If I'm not mistaken, my AWS account will be charged for the egress of downloaded these files. If that's true, I'm concerned about two related scenarios:
- Users who abuse this, and constantly click on the download hyperlinks (more than reasonable)
- More concerning, robots which would click the download links every few seconds.
I had planned to make the downloads accessible to anyone who visits the website as a public resource. Naturally, if users logged in to the platform, I could easily restrict the amount of data downloaded over a period of time.
For public websites, how could I stop users from downloading too much? Could I use IP addresses maybe?
Any insight appreciated.
IP address can be easily changed. Thus, its a poor control, but probably better than nothing.
For robots, use capcha.
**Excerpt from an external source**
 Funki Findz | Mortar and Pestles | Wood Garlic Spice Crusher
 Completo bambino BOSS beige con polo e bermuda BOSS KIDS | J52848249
This is an effective way of preventing automated scraping of your links.
In addition, you could considered providing access to your links through API gateway. The gateway has throttling limits which you can set (e.g. 10 invocations per minute). This way you can ensure that you will not go over some pre-defined.
On top of this you could use S3 pre-signed URLs. They have expiration time so you could adjust this time to be valid for short time. This also prevents users from sharing links as they would expire after a set time. In this scenario, he users would obtained the S3 pre-signed urls through a lambda function, which would be invoked from API gateway.